RECORDS SUPPLIED ->
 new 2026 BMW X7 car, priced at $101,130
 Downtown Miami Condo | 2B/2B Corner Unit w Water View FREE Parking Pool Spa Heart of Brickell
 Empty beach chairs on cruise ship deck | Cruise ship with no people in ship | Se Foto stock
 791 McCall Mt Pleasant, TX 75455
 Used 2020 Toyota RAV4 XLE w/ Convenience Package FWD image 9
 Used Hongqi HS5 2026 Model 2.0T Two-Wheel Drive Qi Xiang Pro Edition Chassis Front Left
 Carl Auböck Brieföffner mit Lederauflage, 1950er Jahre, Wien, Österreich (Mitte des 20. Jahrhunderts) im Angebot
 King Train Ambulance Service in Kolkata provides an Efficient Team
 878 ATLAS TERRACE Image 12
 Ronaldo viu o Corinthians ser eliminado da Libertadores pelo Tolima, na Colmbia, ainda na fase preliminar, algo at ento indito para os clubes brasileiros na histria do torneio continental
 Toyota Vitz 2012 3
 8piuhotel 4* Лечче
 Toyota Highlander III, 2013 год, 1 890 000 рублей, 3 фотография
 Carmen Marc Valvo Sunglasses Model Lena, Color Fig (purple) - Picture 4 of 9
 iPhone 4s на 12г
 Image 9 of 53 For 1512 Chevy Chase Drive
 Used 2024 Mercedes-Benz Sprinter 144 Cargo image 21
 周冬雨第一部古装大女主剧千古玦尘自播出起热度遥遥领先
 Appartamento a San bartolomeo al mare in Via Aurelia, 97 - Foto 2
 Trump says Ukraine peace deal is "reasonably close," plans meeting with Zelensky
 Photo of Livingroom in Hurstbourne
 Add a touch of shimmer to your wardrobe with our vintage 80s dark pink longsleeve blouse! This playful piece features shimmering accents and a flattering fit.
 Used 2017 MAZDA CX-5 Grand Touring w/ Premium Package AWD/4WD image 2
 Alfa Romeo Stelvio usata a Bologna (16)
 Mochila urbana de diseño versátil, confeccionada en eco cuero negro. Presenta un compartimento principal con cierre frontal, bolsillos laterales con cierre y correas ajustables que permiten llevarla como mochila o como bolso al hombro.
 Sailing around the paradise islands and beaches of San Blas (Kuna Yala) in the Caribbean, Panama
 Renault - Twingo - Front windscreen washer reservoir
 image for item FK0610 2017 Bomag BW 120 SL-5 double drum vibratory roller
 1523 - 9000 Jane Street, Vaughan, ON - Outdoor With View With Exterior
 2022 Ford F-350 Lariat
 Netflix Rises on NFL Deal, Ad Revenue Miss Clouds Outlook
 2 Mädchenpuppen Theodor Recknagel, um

WORK ORDER ->
Each line from the line holding "image for item" through the end of the material above is to be printed exactly, both ends included, and no other line is to appear.

TASK OUTPUT ->
 image for item FK0610 2017 Bomag BW 120 SL-5 double drum vibratory roller
 1523 - 9000 Jane Street, Vaughan, ON - Outdoor With View With Exterior
 2022 Ford F-350 Lariat
 Netflix Rises on NFL Deal, Ad Revenue Miss Clouds Outlook
 2 Mädchenpuppen Theodor Recknagel, um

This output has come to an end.